L’investissement, dont témoigne la formation brute de capital, a diminué jusqu’à atteindre un niveau comparable à celui observé en période de récession. Nous consacrons une trop grande part des investissements au marché de l’habitation, et nous n’arrivons même plus à loger tout le monde. Tous ces facteurs nuisent à notre capacité à créer de la richesse, de sorte que le produit intérieur brut (PIB) par habitant est retombé à sa valeur de 2017.
Le modèle de croissance actuel, qui dépend principalement de la croissance démographique, c’est-à-dire de l’augmentation du nombre de travailleurs, connaît manifestement des ratés. L’économie canadienne ne parvient pas à créer suffisamment d’emplois pour les nouveaux arrivants, ce qui fait augmenter le chômage dans ce segment de la population. La pression exercée sur le marché de l’habitation rend les loyers inabordables, tout particulièrement pour les nouveaux arrivants.

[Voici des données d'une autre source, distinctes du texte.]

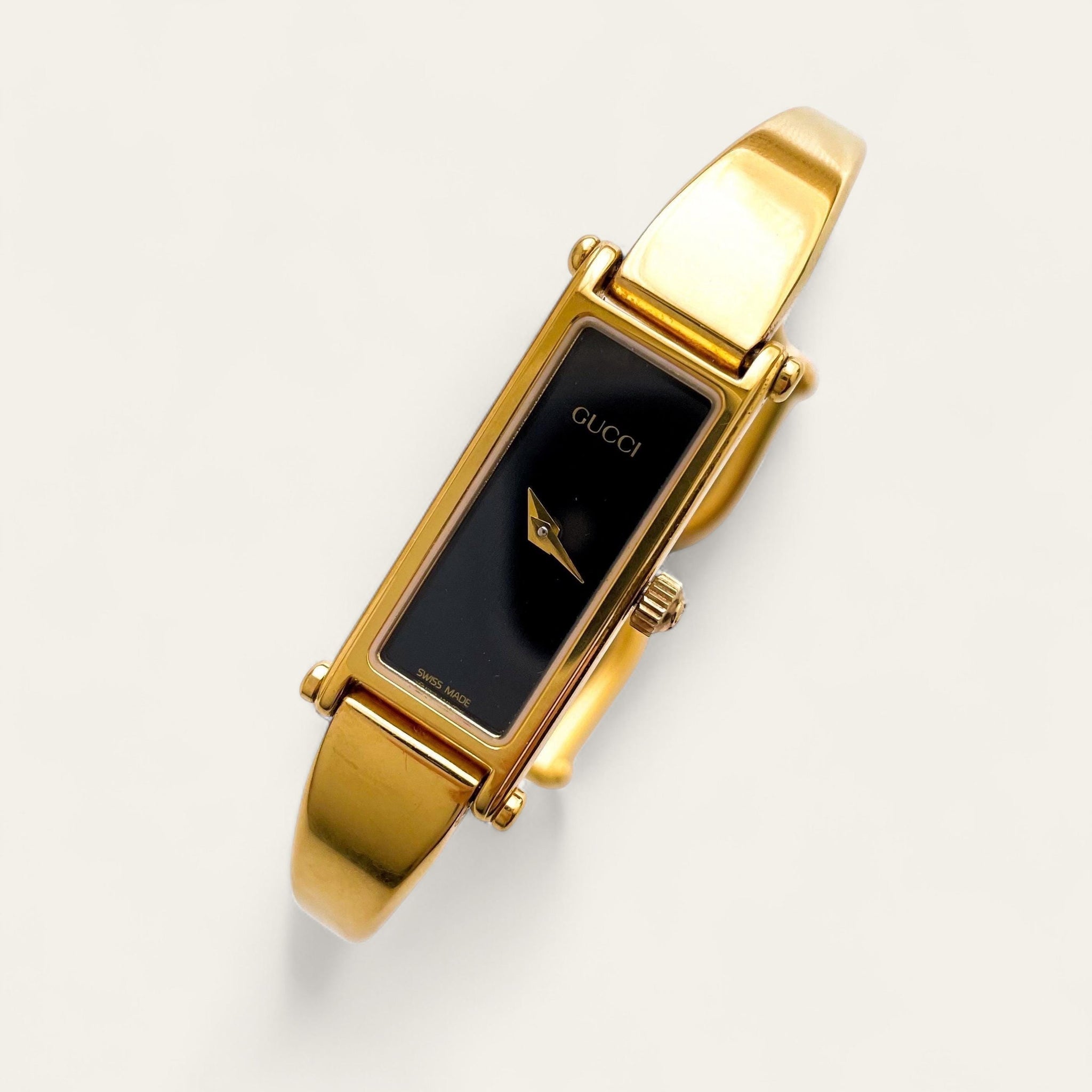 Vintage Gold-Plated Gucci 1500 Bangle Watch - Quartz, Black Dial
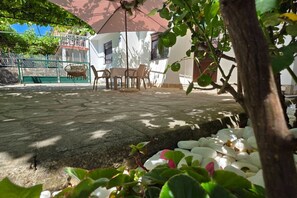 A patio area with a table and chairs, surrounded by greenery and white pebbles. - Comfort Accommodation Baošići Montenegro-One Bedroom Apartment with Terrace and Sea View (2) (Baosici)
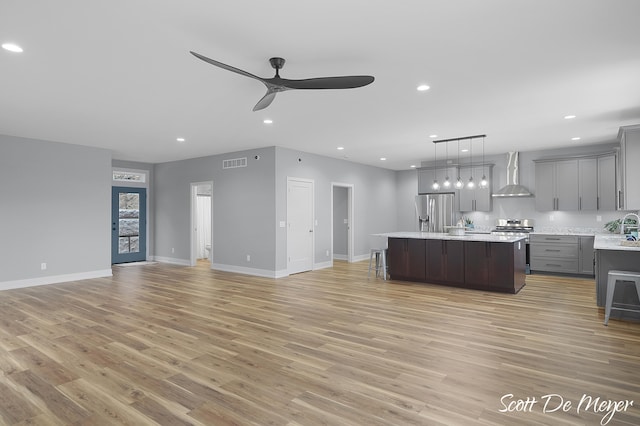 kitchen with light hardwood / wood-style floors, a center island, gray cabinetry, wall chimney range hood, and appliances with stainless steel finishes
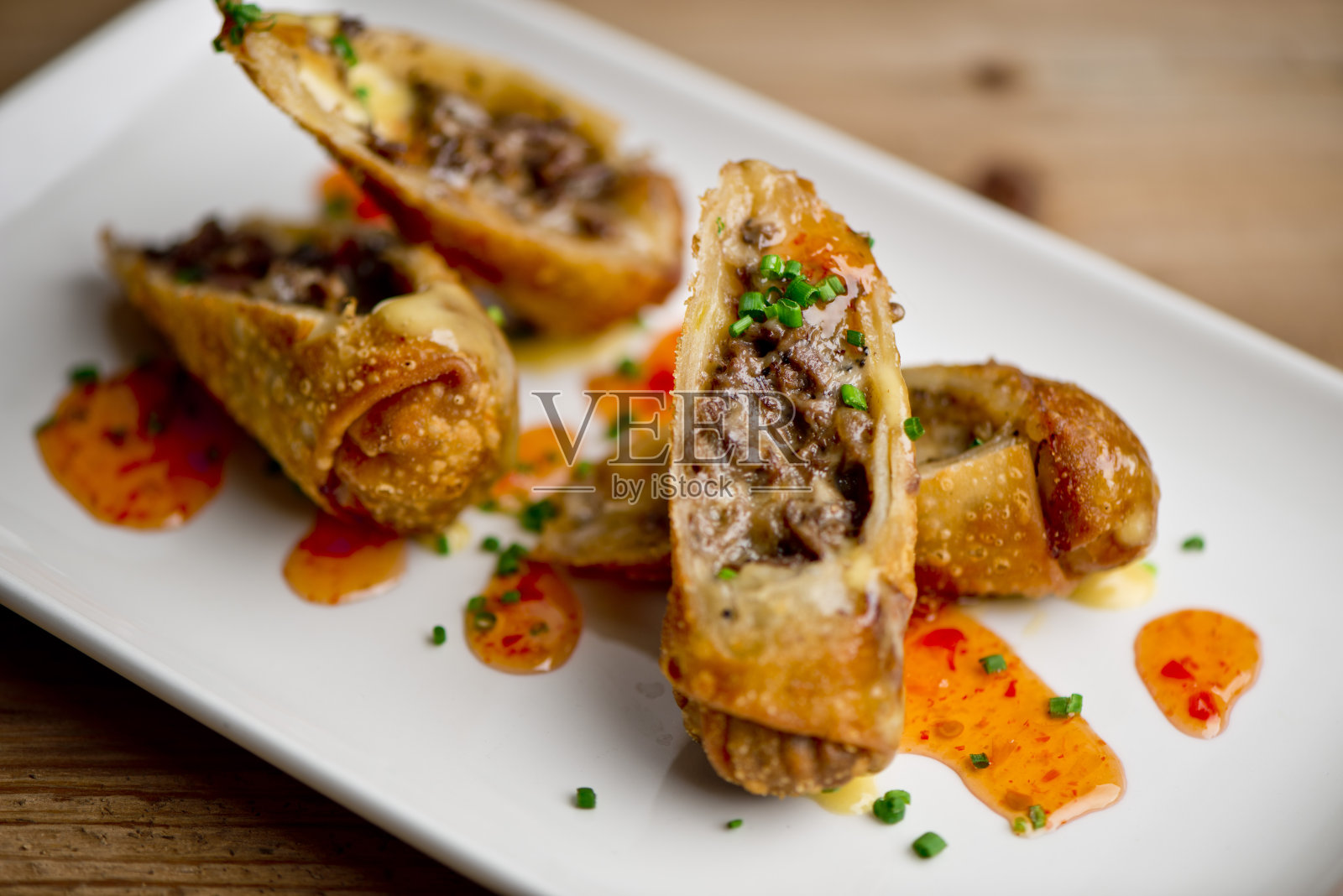 蛋卷牛排餐厅的风格。煎至半熟的蛋卷,配上酸甜辣酱和葱花作装饰。经典美国牛排餐厅的最爱。照片摄影图片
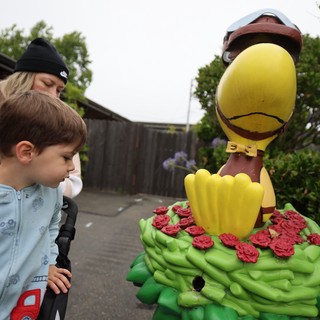 Child's Wonder at Colorful Duck Mascot Statue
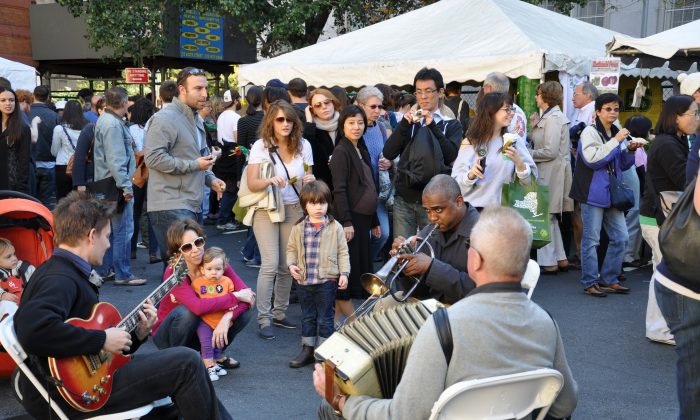 Visitors enjoy life music at the 2010 Lower East Side Pickle Day Festival. The annual Pickle Day this Sunday will feature world-renowned picklers, a home pickling contest with celebrity judges, live music, the Cucumber, vendors, games, and other family activities. (Ethan Ries)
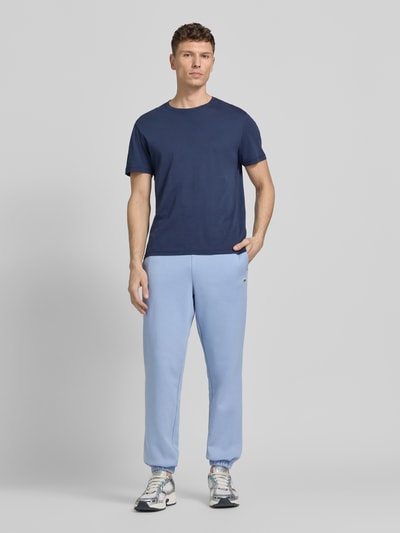 Männermodel trägt Regular Fit Sweatpants aus Baumwoll-Mix von Lacoste, unifarben, Logo-Stitching, elastische Bündchen, Ganzkörperansicht von vorne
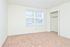 Carpeted bedroom with a large window and closet at Willow Run Apartments in Willow Grove, PA.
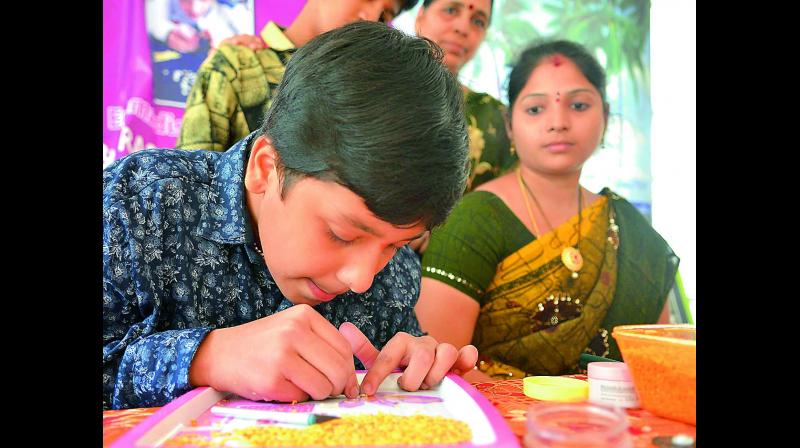 Fourteen-year-old Emmadisetty Kowshik, a student of Class 9, has taken up micro-carving of the National Anthem on tur dal in order to make a world record.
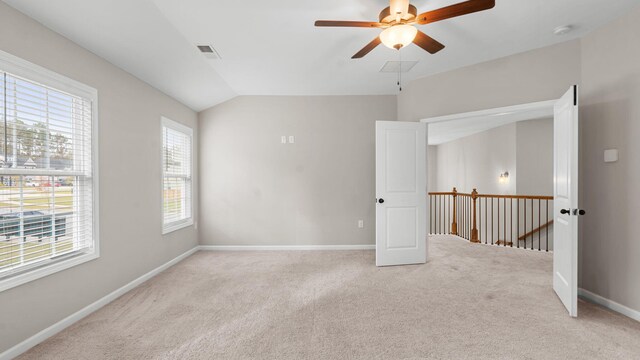 carpeted empty room featuring visible vents, baseboards, ceiling fan, and vaulted ceiling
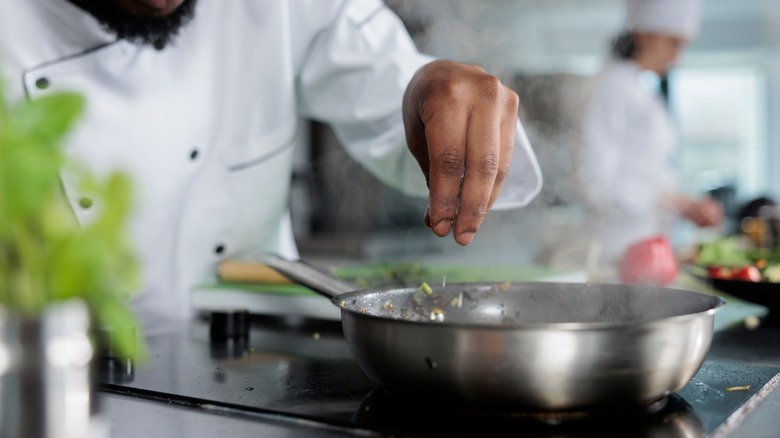 Chef sprinkling herbs into pan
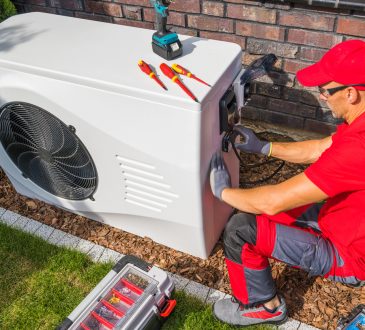 Photo of a HVAC technician fixing an AC.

Non, le Canada n’a pas forcément besoin de plus de main-d’œuvre, mais bien de davantage de capitaux et d’une croissance alimentée par la productivité. De nombreux pays à l’échelle du globe mettent actuellement cette approche en œuvre et voient leur situation s’améliorer. En Europe, la Finlande, l’Allemagne, la Suède, la Belgique, l’Autriche, le Danemark et la Norvège, pour ne nommer que ceux-là, génèrent autant de richesse par habitant que le Canada, sinon plus, alors que leurs résidents travaillent moins d’heures en moyenne. Ces pays sont plus prospères et financent mieux leurs services publics, et leurs travailleurs gagnent des salaires comparables ou supérieurs aux nôtres, tout en jouissant de davantage de congés par année.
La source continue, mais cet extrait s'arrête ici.